Dear Freefem team
I was wondering if you could give me some guidance to build the second terms of this variation formula. The first term is pretty straight forward. however , the second term need find all the adjacent element share the same face. I know how to build the adjacent matrix in freefem. However, I may need some help to set it in the variation formula and build the right matrix. Thank you for the attention
Best regards
For equation (2) it. Is not so clean because do have directly asset to this kind of intégrale
But it is possible to bluid the adj of face, after we can the term (2)
Remark I suppose f is a face and e_i e_j is element,
I will try to make a small exemple.
yes, you are right sir, f is the face shared by two elements ei and ej
Dear sir, I was wondering if you had some examples.
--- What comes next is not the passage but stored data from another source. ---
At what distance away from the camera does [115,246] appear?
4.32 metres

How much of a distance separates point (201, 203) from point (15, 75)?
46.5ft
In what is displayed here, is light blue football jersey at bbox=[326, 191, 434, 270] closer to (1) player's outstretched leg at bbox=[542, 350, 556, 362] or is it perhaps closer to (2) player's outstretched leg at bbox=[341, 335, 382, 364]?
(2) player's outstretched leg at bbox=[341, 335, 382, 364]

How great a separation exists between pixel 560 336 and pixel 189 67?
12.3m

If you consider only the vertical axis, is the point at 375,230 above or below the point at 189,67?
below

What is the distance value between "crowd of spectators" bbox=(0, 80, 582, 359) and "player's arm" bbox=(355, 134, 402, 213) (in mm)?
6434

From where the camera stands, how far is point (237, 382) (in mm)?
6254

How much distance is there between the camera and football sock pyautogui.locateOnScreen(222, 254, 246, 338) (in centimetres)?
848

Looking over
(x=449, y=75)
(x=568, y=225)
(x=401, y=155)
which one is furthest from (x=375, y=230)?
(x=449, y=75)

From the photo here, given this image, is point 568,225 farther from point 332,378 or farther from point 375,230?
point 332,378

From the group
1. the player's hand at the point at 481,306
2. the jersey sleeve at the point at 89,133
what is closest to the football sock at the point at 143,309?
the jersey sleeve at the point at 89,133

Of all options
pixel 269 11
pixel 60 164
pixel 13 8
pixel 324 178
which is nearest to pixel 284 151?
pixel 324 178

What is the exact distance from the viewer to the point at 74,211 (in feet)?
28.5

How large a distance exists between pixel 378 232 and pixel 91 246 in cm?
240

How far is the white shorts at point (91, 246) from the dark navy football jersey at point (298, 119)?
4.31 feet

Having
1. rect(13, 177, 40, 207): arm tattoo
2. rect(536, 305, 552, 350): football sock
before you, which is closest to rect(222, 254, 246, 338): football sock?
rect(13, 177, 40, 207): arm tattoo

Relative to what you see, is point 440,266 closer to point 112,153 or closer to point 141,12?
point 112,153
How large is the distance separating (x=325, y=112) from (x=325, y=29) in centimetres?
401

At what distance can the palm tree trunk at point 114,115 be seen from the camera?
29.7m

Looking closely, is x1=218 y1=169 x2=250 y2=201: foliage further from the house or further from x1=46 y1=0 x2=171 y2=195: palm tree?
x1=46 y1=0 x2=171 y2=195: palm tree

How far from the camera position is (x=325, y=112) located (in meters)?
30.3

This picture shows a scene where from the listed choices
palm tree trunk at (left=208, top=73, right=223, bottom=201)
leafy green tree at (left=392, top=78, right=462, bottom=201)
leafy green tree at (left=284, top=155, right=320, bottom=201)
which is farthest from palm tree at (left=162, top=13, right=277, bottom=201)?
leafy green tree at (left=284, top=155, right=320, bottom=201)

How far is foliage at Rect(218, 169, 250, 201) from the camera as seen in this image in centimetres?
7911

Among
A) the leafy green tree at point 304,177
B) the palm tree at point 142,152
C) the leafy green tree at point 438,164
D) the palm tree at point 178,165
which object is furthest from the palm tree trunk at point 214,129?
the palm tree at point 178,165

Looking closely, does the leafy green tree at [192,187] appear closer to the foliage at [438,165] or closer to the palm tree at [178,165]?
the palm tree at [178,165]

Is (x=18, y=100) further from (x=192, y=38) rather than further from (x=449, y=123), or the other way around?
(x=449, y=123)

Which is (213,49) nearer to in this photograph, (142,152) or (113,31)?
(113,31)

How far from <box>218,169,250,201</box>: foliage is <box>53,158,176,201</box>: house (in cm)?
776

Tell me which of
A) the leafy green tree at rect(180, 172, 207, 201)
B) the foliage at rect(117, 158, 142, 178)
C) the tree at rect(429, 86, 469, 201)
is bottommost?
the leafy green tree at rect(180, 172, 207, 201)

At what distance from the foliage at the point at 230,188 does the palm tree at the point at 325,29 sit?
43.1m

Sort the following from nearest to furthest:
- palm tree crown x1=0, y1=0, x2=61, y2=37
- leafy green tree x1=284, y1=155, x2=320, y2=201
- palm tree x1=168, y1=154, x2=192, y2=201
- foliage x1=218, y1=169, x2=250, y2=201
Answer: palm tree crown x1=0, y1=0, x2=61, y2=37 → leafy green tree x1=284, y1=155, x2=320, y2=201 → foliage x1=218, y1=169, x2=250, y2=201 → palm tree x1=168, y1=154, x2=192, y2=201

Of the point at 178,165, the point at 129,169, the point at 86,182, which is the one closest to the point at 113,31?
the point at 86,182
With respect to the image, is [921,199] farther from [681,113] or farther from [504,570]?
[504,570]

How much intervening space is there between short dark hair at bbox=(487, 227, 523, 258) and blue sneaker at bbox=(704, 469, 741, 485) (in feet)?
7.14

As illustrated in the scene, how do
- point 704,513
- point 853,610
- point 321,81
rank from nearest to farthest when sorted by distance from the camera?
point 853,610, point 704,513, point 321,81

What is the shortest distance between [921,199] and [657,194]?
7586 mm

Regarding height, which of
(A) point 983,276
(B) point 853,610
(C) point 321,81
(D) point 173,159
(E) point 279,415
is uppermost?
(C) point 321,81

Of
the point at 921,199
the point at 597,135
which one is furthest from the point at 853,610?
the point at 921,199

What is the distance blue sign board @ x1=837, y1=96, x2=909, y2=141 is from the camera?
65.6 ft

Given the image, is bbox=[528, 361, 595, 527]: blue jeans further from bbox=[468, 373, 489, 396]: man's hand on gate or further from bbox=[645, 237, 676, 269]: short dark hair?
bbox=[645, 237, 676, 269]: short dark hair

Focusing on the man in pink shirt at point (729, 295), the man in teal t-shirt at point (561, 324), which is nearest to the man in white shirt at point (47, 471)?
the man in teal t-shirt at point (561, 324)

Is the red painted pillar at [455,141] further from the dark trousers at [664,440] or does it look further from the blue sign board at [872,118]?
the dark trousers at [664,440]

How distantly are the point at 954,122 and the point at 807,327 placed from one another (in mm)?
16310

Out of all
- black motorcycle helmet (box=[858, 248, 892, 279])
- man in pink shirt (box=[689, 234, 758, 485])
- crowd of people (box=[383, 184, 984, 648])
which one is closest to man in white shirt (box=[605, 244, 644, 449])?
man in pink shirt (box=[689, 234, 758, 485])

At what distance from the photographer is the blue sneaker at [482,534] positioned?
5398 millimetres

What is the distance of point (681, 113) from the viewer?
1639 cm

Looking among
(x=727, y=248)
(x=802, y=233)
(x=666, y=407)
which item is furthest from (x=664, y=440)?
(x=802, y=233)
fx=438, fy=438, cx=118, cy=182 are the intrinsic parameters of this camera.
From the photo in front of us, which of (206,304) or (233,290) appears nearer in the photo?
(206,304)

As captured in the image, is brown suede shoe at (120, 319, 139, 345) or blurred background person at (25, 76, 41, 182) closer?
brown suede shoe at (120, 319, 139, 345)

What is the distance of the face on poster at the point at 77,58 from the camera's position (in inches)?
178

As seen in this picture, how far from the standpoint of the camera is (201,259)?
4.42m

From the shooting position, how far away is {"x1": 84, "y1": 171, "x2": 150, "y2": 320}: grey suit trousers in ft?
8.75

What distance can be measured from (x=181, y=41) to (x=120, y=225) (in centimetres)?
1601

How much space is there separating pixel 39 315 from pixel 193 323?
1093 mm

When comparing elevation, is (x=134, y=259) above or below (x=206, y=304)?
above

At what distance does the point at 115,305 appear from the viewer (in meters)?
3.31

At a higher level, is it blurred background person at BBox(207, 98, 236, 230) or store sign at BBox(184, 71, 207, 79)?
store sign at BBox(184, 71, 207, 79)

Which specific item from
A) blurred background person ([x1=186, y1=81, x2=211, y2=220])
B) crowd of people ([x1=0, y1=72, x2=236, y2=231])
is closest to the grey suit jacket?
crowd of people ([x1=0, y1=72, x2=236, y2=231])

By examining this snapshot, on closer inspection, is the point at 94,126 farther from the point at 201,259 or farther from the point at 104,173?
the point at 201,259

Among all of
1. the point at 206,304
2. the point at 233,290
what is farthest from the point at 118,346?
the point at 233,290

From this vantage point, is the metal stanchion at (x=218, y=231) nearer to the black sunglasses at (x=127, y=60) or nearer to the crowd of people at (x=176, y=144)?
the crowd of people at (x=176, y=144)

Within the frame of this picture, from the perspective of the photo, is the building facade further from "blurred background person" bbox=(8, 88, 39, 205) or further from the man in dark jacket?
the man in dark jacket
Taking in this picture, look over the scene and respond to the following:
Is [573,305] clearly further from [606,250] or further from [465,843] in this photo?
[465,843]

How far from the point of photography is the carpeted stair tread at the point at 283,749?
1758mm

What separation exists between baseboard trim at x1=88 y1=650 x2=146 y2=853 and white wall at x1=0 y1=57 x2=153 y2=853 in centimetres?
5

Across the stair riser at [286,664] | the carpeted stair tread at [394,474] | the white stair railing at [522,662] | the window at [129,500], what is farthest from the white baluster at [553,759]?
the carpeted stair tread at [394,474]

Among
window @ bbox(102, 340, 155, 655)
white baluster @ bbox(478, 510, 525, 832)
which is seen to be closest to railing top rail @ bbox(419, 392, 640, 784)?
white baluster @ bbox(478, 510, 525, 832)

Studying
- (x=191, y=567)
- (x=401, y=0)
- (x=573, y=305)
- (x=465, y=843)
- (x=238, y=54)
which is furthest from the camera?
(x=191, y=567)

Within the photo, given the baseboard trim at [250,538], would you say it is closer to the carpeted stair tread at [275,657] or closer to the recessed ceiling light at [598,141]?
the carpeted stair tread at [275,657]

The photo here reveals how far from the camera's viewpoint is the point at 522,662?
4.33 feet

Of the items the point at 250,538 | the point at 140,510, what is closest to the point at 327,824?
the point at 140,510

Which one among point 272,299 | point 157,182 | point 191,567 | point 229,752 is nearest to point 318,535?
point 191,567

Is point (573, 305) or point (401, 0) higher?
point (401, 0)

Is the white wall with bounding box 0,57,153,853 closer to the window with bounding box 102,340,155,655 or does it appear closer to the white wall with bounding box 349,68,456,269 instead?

Thank you for you attention.
REmark, It formula have no real sens if the \nabla G(e_i) is not constante
because I do not understand ||\nabla G(e_i)-\nabla G(e_j)||_2^2 because the definition domain is e_i or e_j. So for me the formula (2) is wrong it is on ||\nabla G(e_i)-\nabla G(e_j)||_{f,2}^2 (integration of f). remark if G is P_1 then you have just a change in \omega_{cg} term.
And in this case no problem to compute
\sum_f ||\nabla G(e_i)-\nabla G(e_j)||_2^2 = intallface(Th)(Wcg* InternalBE/2* jump(G)^2 );
so the varf is
varf D2(G,GG) = intallface(Th)( Wcg*InternalBE* jump(G)*jump(GG ));
where Wcg is a finite element function defined of face (P0face3d fespace)
Thank you sir, the part you mentioned confused me as well. I will check you example and thank you for the guidance.